La rencontre de jeunesse entre le polytechnicien Alfred Sauvy et le futur Jacques Tati sur le gazon du Racing-Club à Colombes forme une des configurations les plus étranges de l’histoire culturelle française. Sauvy avait dix ans de plus que Tati et il n’était pas du tout le même genre d’homme. Une brillante carrière de statisticien et de pionnier en matière de prévisions économiques l’attendait, mais à l’époque où il recruta le jeune géant Tatischeff dans son équipe, Sauvy était l’assistant par intérim de Tristan Bernard, romancier et dramaturge à succès, et l’un des plus grands amateurs de sport de l’entre-deux-guerres.

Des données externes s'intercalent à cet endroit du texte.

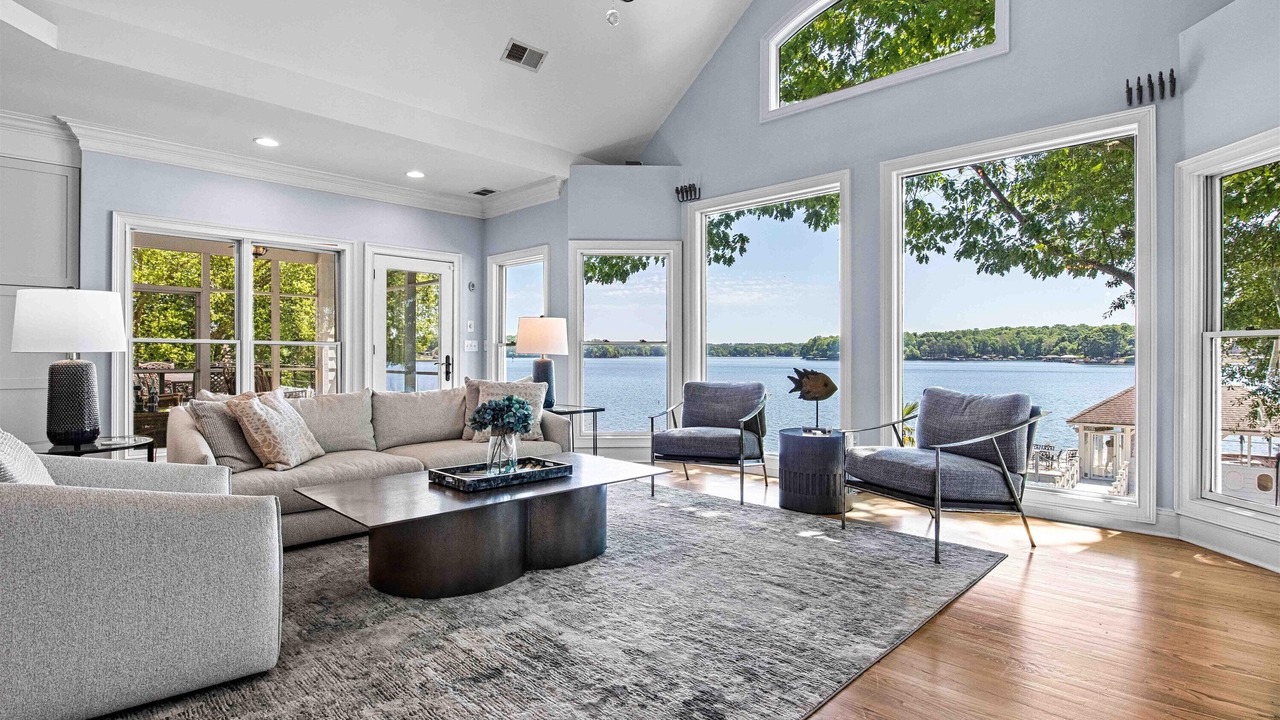 Photo of Livingroom in Lake Norman of Catawba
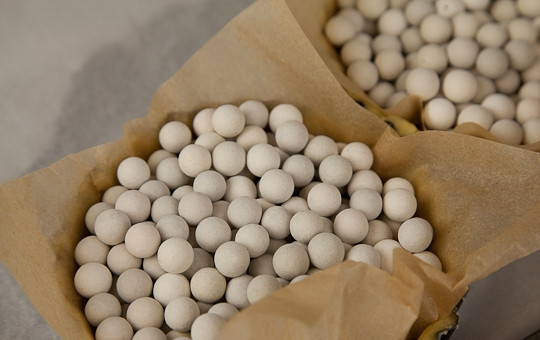 1. Этап. Песочные корзиночки с ягодами: Положите поверх формы бумагу для запекания, засыпьте на нее бобы или фасоль.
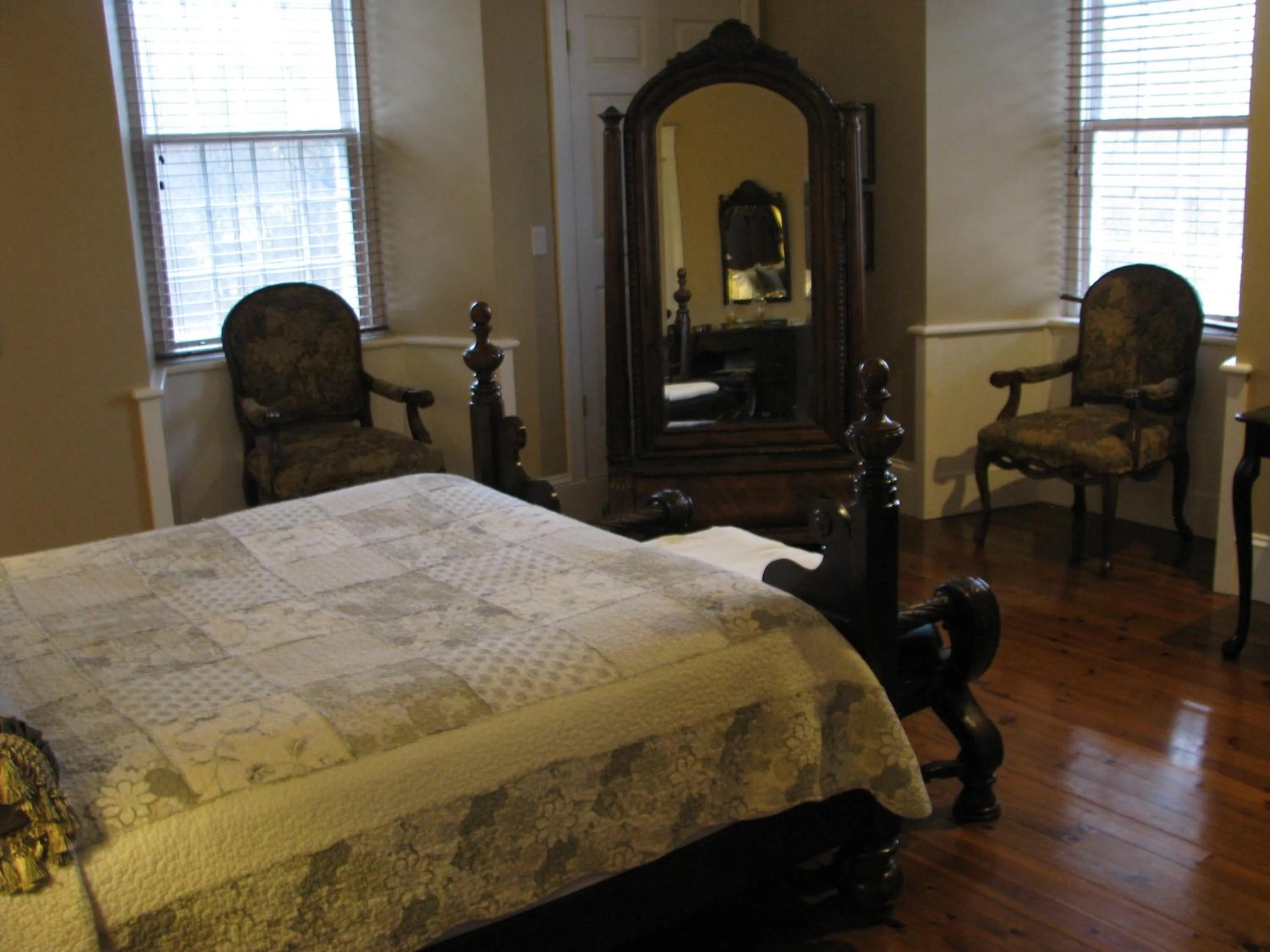 Bed in Clyde Hall Bed and Breakfast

Au contact de Sauvy, Tatischeff ne devint pas un champion des statistiques, et la présence de Tristan Bernard dans les vestiaires ne l’encouragea pas forcément à lire les oeuvres du patron de son capitaine. Néanmoins, l’équipe Sauvy constitua pour ainsi dire la véritable université de Jacques Tati. On s’amusait beaucoup au Racing-Club, mais c’est dans ce cadre sportif et convivial que le futur cinéaste se frotta pour la première fois avec des sommités du monde de la science et des arts. Parmi ces nouveaux amis, Tati fut capable pour la première fois, semble-t-il, de surmonter la timidité qui l’avait empêché de s’épanouir jusque-là. Et c’est là qu’il acquit lentement la conviction qu’il avait lui aussi quelque chose à donner aux autres.